At 5:12 a.m., a foreshock occurred with sufficient force for it to be felt widely throughout the San Francisco Bay area. The great earthquake broke loose some 20 to 25 seconds later, with an epicenter near San Francisco.
Violent shocks punctuated the strong shaking, which lasted some 45-to-60 seconds. The earthquake was felt from southern Oregon to south of Los Angeles and inland as far as central Nevada.
In the public's mind, the earthquake is perhaps remembered most for the fire it spawned in San Francisco.
The damage from the quake itself, however, was equally severe in many other places along the fault rupture. The frequently quoted figure of 700 deaths caused by the earthquake and fire is now believed to be an underestimate of the total loss of life by a factor of three or four. Most of the fatalities occurred in San Francisco, and 189 were reported elsewhere.
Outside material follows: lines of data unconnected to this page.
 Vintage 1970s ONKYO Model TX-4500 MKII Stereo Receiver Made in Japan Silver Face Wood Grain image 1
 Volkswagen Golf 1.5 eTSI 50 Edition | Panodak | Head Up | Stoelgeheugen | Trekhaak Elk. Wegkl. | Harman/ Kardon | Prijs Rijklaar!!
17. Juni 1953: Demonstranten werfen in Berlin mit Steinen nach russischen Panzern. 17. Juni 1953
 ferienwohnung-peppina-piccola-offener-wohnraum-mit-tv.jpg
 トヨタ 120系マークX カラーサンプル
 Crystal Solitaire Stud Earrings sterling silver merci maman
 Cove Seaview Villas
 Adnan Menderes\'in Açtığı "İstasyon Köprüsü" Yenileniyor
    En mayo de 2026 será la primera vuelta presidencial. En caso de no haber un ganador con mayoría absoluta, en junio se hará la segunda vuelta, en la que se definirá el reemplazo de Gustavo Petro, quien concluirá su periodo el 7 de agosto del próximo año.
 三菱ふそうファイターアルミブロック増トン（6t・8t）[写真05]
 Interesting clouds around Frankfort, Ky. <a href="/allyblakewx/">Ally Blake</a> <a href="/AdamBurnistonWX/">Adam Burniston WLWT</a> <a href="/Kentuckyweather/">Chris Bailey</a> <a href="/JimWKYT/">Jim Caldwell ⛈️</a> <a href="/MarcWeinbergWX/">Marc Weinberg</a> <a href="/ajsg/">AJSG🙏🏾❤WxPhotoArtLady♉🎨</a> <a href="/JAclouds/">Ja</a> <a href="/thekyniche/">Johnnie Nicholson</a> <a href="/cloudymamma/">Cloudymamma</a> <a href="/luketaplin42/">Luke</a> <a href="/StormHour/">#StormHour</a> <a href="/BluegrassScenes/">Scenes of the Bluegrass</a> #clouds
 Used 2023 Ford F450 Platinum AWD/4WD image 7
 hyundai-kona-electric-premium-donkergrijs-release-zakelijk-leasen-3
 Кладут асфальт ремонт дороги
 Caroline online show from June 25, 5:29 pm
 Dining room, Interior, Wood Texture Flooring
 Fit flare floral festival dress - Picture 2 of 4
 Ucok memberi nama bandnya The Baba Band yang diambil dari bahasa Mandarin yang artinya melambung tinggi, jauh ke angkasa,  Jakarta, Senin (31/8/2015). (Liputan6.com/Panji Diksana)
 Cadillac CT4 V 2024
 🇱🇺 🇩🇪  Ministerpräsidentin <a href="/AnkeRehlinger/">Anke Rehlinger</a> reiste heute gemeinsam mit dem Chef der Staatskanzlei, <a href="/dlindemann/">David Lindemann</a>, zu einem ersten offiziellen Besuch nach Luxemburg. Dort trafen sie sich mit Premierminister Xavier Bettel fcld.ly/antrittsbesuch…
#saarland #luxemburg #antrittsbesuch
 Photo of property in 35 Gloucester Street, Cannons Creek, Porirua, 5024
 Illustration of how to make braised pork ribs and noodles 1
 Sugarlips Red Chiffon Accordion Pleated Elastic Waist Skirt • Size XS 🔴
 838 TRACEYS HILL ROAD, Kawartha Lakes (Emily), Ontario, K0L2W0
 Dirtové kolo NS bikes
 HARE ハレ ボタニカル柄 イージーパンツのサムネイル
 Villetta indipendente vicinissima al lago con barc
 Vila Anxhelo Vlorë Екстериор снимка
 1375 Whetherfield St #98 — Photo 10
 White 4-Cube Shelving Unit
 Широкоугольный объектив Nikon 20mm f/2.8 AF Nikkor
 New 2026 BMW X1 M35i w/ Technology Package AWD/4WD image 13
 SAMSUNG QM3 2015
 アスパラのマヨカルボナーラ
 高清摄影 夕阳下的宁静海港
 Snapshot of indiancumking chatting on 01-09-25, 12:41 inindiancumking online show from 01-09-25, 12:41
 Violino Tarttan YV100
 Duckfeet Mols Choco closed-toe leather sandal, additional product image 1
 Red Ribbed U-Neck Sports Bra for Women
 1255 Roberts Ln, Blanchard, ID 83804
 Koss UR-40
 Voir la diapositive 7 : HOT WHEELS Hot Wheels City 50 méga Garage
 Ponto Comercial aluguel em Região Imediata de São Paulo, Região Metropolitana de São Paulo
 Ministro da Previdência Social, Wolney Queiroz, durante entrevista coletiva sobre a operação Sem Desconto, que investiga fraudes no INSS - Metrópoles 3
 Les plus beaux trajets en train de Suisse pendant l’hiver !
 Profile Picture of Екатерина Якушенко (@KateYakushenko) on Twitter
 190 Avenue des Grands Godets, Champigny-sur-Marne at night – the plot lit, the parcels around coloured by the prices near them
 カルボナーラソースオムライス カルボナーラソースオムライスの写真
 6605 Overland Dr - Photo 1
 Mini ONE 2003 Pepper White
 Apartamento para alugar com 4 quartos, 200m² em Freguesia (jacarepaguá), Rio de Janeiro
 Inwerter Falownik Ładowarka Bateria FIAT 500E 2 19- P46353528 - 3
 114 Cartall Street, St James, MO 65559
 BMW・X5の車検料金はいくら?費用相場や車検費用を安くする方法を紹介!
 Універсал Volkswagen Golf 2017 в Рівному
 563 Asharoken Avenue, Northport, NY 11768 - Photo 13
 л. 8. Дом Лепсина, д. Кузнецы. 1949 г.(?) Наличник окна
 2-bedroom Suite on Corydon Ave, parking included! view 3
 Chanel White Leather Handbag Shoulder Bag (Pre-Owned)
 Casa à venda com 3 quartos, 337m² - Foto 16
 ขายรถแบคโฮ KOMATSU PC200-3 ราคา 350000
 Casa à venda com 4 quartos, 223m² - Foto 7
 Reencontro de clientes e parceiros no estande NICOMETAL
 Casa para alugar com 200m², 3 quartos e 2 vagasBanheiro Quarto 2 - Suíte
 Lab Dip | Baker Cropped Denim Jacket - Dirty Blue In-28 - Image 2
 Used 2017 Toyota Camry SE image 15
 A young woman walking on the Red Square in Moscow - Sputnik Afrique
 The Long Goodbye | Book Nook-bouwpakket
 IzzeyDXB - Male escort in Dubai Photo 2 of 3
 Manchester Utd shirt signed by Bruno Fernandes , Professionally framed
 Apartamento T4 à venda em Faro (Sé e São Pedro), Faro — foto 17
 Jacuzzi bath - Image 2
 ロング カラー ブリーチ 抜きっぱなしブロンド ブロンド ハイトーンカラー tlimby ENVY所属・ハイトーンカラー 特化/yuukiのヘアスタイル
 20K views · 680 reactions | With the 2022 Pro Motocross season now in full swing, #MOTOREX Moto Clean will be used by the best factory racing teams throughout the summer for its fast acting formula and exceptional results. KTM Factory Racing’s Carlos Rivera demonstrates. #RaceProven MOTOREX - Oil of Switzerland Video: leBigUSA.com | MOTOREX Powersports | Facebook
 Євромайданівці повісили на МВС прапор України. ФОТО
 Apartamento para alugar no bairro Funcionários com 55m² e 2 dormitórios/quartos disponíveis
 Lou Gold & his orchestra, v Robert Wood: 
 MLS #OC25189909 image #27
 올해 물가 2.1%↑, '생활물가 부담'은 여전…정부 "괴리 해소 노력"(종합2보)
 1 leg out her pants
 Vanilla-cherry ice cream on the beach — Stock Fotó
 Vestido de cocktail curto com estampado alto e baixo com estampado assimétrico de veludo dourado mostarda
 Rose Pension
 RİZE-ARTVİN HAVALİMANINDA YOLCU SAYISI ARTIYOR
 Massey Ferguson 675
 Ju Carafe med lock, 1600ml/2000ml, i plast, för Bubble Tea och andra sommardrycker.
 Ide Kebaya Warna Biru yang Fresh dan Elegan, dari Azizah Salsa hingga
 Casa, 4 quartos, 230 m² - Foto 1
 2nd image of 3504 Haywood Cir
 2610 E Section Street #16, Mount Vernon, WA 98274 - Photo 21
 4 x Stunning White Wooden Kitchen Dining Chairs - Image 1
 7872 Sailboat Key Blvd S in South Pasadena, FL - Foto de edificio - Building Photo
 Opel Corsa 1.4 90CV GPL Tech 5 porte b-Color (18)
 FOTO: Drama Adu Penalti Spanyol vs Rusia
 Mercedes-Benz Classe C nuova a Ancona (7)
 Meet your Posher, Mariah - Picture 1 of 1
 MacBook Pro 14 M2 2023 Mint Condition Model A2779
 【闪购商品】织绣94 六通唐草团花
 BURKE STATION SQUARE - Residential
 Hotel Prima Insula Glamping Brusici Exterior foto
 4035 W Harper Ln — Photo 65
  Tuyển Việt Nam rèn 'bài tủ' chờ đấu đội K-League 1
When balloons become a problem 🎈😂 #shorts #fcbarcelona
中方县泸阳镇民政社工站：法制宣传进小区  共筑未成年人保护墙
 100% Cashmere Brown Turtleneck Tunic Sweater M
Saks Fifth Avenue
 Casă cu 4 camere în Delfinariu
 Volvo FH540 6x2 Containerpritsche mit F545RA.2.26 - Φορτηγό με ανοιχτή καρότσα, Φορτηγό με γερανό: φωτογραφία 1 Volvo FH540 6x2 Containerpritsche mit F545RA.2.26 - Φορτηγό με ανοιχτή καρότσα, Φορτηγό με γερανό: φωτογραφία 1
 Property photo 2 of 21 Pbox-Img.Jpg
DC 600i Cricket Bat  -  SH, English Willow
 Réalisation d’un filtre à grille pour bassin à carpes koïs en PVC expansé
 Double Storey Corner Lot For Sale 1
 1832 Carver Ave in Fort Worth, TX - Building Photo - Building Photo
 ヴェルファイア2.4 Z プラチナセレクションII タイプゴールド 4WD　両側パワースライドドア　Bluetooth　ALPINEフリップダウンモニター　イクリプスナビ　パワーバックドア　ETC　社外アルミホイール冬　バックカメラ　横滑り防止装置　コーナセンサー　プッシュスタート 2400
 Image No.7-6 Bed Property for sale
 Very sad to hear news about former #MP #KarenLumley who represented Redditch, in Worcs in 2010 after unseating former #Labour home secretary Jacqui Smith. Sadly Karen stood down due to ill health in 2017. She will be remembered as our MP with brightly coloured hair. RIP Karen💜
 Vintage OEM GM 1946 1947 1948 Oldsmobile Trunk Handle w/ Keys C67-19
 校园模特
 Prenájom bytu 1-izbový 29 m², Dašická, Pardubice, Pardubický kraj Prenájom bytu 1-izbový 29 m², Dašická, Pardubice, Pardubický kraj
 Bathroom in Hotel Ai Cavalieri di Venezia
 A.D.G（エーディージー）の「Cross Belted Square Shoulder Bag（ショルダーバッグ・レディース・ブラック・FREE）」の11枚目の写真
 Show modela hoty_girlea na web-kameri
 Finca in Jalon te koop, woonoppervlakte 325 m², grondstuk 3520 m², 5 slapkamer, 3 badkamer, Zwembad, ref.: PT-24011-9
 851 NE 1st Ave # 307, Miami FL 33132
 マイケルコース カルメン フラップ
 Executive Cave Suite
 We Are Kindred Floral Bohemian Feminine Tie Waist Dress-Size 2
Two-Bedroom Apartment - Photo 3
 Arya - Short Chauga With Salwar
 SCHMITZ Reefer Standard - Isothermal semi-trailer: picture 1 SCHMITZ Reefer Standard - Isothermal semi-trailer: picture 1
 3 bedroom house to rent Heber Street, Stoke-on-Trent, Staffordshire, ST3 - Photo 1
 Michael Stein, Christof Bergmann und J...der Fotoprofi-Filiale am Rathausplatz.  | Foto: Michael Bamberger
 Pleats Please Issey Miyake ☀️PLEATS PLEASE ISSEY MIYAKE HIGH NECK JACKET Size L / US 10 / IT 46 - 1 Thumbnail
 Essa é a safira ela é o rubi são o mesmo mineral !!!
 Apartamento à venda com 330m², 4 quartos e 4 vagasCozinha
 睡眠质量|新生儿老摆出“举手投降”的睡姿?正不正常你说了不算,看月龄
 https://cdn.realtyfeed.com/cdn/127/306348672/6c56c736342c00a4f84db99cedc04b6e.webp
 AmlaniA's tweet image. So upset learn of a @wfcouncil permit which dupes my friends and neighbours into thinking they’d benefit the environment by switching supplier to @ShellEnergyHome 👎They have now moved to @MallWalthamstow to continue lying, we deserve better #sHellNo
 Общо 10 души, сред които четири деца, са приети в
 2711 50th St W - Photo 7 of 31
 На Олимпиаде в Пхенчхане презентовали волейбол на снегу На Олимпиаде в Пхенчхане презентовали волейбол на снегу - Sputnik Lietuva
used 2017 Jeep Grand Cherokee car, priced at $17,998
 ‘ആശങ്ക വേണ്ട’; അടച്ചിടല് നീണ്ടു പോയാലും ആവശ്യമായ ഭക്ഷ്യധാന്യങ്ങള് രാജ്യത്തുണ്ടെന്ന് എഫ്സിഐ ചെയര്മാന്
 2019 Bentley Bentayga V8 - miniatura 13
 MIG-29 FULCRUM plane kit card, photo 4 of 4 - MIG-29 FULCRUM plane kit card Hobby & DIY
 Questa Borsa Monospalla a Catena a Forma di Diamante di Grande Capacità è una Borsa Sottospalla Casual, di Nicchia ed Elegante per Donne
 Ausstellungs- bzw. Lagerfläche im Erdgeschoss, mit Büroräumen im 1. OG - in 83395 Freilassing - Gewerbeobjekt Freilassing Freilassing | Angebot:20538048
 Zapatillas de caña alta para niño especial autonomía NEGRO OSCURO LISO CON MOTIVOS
A report of U.S. Army relief operations recorded 498 deaths in San Francisco, 64 deaths in Santa Rosa, and 102 deaths in and near San Jose.
A 1972 report suggested that 700-800 deaths is a reasonable figure. After extensive research, however, investigators Gladys Hansen and Emmet Condon estimated that more than 3,000 deaths were caused directly or indirectly by the catastrophe.
The population of San Francisco at the time was about 400,000. The earthquake and fire caused 225,000 people to be immediately homeless.
The number of buildings destroyed during the earthquake and the following fire was estimated at 28,000.
The three-day conflagration burned an area that covered 4.7 square miles. By one count the loss was: wood buildings lost, 24,671; brick buildings lost, 3,168; other, 349; total buildings lost, 28,188.
Monetary loss was more than $400 million, in 1906 dollars, from earthquake and fire; $80 million from the earthquake alone.